[Records contained in a dataset]
+++
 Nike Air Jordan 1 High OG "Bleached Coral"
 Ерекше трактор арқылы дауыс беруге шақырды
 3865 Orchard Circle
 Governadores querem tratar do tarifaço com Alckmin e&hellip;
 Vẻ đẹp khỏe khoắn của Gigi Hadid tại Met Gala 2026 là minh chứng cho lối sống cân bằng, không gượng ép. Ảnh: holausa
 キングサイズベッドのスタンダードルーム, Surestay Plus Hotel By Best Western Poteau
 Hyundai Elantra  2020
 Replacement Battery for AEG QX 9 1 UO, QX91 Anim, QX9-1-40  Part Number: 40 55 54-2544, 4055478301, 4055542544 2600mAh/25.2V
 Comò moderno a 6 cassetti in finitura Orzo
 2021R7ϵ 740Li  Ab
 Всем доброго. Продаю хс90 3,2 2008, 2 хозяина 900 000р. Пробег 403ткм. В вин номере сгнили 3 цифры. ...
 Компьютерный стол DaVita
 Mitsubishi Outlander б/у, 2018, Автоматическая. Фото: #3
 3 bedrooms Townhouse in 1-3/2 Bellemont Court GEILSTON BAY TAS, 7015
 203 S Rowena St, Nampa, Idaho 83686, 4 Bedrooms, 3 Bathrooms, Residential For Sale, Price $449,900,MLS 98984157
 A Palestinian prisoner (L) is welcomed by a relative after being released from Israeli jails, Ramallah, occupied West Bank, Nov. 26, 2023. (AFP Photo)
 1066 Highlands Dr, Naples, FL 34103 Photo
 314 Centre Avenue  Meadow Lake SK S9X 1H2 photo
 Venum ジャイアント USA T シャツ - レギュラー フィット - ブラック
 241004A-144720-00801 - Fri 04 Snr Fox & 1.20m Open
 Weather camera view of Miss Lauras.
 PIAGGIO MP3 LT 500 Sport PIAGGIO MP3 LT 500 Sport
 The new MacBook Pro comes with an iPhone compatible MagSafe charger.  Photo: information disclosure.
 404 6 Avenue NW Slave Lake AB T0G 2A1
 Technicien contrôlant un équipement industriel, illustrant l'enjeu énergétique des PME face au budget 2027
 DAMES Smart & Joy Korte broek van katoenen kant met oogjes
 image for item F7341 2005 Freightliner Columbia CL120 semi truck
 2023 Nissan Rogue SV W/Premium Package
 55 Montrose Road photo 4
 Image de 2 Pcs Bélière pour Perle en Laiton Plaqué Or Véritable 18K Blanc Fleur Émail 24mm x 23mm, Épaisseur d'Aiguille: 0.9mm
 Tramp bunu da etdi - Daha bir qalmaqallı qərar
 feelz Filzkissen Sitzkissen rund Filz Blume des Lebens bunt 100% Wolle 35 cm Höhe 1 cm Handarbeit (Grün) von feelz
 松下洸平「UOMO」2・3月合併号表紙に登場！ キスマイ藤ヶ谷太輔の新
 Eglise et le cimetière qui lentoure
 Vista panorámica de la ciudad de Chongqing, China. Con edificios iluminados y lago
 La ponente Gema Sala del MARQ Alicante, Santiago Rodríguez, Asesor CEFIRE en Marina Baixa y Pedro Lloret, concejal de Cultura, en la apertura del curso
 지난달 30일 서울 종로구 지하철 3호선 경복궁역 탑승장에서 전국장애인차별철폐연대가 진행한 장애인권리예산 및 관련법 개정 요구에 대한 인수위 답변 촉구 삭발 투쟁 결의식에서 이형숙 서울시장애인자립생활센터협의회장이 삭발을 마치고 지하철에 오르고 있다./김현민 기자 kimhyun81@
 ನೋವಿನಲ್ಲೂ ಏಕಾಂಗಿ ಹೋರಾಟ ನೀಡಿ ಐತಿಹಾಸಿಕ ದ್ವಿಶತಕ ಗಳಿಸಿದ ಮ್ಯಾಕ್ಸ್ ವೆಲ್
+++
Provide the number of lines above in which the word "Lake" appears, with no further words.

= TASK OUTPUT =
2